The story begins, like many horror films do, with an incident that took place many years ago, paving the way for the current events. Youngsters, Wendy, Jude, Kelly, and Nick play hide-and-seek in an abandoned convent. When little Robin Hammond tries to join them, the group starts teasing her, repeating “Kill! Kill! Kill!”, over and over again, frightening her and causing her to accidentally fall to her death through a second story window. The children make a pact not to tell anyone what happened and keep the incident a secret. The shadow of an unseen person who witnessed Robin’s death emerges.

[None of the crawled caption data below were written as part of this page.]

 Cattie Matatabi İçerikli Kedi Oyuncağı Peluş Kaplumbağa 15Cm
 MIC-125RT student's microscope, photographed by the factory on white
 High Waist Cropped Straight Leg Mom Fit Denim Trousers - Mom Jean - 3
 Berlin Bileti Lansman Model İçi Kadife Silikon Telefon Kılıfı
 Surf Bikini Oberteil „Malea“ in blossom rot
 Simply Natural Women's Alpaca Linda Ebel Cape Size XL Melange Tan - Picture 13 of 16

Flash-forward to present day when the children are now in high school and eagerly await a night of dancing, drinking and perhaps getting lucky, as they flirt and plan their partners for the night. Robin’s family, led by the stoic Mr. Hammond (Leslie Nielsen) memorializes her on the anniversary of her death as sister Kim (Curtis) and brother Alex (Michael Tough) ready themselves for the prom that night.
Meanwhile, Kelly, Nick, Jude, and Wendy begin to receive menacing phone calls. Could Mr. Hammond, Kim, or Alex be behind the calls, perhaps seeking to avenge Robin’s death, or is this too obvious an approach? As nightfall draws near the teenagers and their friends begin to fall victim to throat slitting’s, a decapitation, and a chase with an ax by crazed killer wearing a ski mask and black clothing. An ode to the Halloween franchise in the final act is delicious, but may or may not have been intentional.
The best part of Prom Night is the whodunit factor and most of the fun is trying to figure out who is offing the kids. We know the motivation but not the who. Red herrings are thrown directly to the audience like bones to a hungry dog. The creepy, alcoholic janitor, Sykes, leers at the teens and even witnesses one of the murders (spoiler alert- he is not the killer!) but his claims are dismissed as drunken rants. An escaped sex offender thought to be Robin’s killer, and an enemy of Kim’s are also thrown in to distract the viewer.
There is little character development (surprise, surprise) as standard stock character’s are on display. There is the jokester, the bitchy rich girl, the virginal girl, and the obnoxious boy, so diversity is not the ingredient of this film. A formula is clearly followed and we know the final reveal will be the be all, end all of a film like this. Despite being formulaic Prom Night is still enjoyable, never feeling mediocre. There is enough going on to please horror fans seeking thrills.
Not a bad effort, Prom Night (1980) captures the viewers attention immediately and never is dull. The one-hour and twenty-nine minutes of running time is a smart move as quick and easy can be described of the film. The surprise reveal genuinely does surprise when the masked killer is revealed. This is not Halloween (1978), Friday the 13th (1980) or Black Christmas (1974), the cream of the crop in slasher films, but is worth the watch.